Print out all of the data below, keeping it identical to the original.

Dataset entries

------------------------------------

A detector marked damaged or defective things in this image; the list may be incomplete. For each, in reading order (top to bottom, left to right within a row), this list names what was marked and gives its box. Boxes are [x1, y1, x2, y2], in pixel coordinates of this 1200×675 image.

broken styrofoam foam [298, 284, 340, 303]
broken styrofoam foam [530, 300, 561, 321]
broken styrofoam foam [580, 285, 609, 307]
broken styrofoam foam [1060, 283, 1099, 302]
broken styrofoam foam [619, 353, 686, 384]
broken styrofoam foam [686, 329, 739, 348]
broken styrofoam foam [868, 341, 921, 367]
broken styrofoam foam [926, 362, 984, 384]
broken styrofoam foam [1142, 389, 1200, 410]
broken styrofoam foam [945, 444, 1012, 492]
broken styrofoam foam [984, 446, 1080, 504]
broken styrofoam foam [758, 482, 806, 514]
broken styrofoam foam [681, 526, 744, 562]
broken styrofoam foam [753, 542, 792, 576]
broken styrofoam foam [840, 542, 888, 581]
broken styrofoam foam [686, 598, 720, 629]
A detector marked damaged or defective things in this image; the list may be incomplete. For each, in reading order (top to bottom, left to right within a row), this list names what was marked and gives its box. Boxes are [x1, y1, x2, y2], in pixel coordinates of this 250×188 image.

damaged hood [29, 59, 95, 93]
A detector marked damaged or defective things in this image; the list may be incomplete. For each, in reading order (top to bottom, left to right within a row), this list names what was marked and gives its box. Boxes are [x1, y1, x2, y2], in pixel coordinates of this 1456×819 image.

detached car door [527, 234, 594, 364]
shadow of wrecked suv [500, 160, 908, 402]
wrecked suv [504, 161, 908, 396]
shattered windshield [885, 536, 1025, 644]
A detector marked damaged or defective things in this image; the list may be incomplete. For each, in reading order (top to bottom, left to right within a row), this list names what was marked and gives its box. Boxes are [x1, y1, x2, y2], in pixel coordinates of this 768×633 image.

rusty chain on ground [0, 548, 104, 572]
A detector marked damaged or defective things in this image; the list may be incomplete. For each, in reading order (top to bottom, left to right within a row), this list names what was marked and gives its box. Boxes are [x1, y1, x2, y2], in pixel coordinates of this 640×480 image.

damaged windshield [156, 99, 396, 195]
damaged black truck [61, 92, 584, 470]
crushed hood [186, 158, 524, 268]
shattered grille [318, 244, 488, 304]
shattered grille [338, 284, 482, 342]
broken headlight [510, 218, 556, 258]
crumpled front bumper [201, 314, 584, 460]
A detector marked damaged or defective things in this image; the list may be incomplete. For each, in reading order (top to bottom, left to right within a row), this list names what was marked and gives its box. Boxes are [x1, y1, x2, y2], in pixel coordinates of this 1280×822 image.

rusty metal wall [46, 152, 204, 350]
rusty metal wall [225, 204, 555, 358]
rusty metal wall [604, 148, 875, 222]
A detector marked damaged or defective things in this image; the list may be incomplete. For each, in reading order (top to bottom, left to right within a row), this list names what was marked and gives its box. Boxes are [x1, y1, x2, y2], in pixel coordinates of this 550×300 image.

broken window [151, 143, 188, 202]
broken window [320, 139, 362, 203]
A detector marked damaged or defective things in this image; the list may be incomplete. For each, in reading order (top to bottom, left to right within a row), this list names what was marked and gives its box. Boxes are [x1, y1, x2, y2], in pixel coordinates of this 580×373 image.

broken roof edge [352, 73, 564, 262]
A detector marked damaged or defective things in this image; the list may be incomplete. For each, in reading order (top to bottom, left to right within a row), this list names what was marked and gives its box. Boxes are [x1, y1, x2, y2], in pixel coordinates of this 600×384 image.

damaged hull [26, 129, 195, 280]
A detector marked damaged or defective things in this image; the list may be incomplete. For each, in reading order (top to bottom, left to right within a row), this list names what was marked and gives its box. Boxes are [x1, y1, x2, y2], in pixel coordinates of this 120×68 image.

------------------------------------

Completed task ::
A detector marked damaged or defective things in this image; the list may be incomplete. For each, in reading order (top to bottom, left to right within a row), this list names what was marked and gives its box. Boxes are [x1, y1, x2, y2], in pixel coordinates of this 1200×675 image.

broken styrofoam foam [298, 284, 340, 303]
broken styrofoam foam [530, 300, 561, 321]
broken styrofoam foam [580, 285, 609, 307]
broken styrofoam foam [1060, 283, 1099, 302]
broken styrofoam foam [619, 353, 686, 384]
broken styrofoam foam [686, 329, 739, 348]
broken styrofoam foam [868, 341, 921, 367]
broken styrofoam foam [926, 362, 984, 384]
broken styrofoam foam [1142, 389, 1200, 410]
broken styrofoam foam [945, 444, 1012, 492]
broken styrofoam foam [984, 446, 1080, 504]
broken styrofoam foam [758, 482, 806, 514]
broken styrofoam foam [681, 526, 744, 562]
broken styrofoam foam [753, 542, 792, 576]
broken styrofoam foam [840, 542, 888, 581]
broken styrofoam foam [686, 598, 720, 629]
A detector marked damaged or defective things in this image; the list may be incomplete. For each, in reading order (top to bottom, left to right within a row), this list names what was marked and gives its box. Boxes are [x1, y1, x2, y2], in pixel coordinates of this 250×188 image.

damaged hood [29, 59, 95, 93]
A detector marked damaged or defective things in this image; the list may be incomplete. For each, in reading order (top to bottom, left to right within a row), this list names what was marked and gives its box. Boxes are [x1, y1, x2, y2], in pixel coordinates of this 1456×819 image.

detached car door [527, 234, 594, 364]
shadow of wrecked suv [500, 160, 908, 402]
wrecked suv [504, 161, 908, 396]
shattered windshield [885, 536, 1025, 644]
A detector marked damaged or defective things in this image; the list may be incomplete. For each, in reading order (top to bottom, left to right within a row), this list names what was marked and gives its box. Boxes are [x1, y1, x2, y2], in pixel coordinates of this 768×633 image.

rusty chain on ground [0, 548, 104, 572]
A detector marked damaged or defective things in this image; the list may be incomplete. For each, in reading order (top to bottom, left to right within a row), this list names what was marked and gives its box. Boxes are [x1, y1, x2, y2], in pixel coordinates of this 640×480 image.

damaged windshield [156, 99, 396, 195]
damaged black truck [61, 92, 584, 470]
crushed hood [186, 158, 524, 268]
shattered grille [318, 244, 488, 304]
shattered grille [338, 284, 482, 342]
broken headlight [510, 218, 556, 258]
crumpled front bumper [201, 314, 584, 460]
A detector marked damaged or defective things in this image; the list may be incomplete. For each, in reading order (top to bottom, left to right within a row), this list names what was marked and gives its box. Boxes are [x1, y1, x2, y2], in pixel coordinates of this 1280×822 image.

rusty metal wall [46, 152, 204, 350]
rusty metal wall [225, 204, 555, 358]
rusty metal wall [604, 148, 875, 222]
A detector marked damaged or defective things in this image; the list may be incomplete. For each, in reading order (top to bottom, left to right within a row), this list names what was marked and gives its box. Boxes are [x1, y1, x2, y2], in pixel coordinates of this 550×300 image.

broken window [151, 143, 188, 202]
broken window [320, 139, 362, 203]
A detector marked damaged or defective things in this image; the list may be incomplete. For each, in reading order (top to bottom, left to right within a row), this list names what was marked and gives its box. Boxes are [x1, y1, x2, y2], in pixel coordinates of this 580×373 image.

broken roof edge [352, 73, 564, 262]
A detector marked damaged or defective things in this image; the list may be incomplete. For each, in reading order (top to bottom, left to right within a row), this list names what was marked and gives its box. Boxes are [x1, y1, x2, y2], in pixel coordinates of this 600×384 image.

damaged hull [26, 129, 195, 280]
A detector marked damaged or defective things in this image; the list may be incomplete. For each, in reading order (top to bottom, left to right within a row), this list names what was marked and gives its box. Boxes are [x1, y1, x2, y2], in pixel coordinates of this 120×68 image.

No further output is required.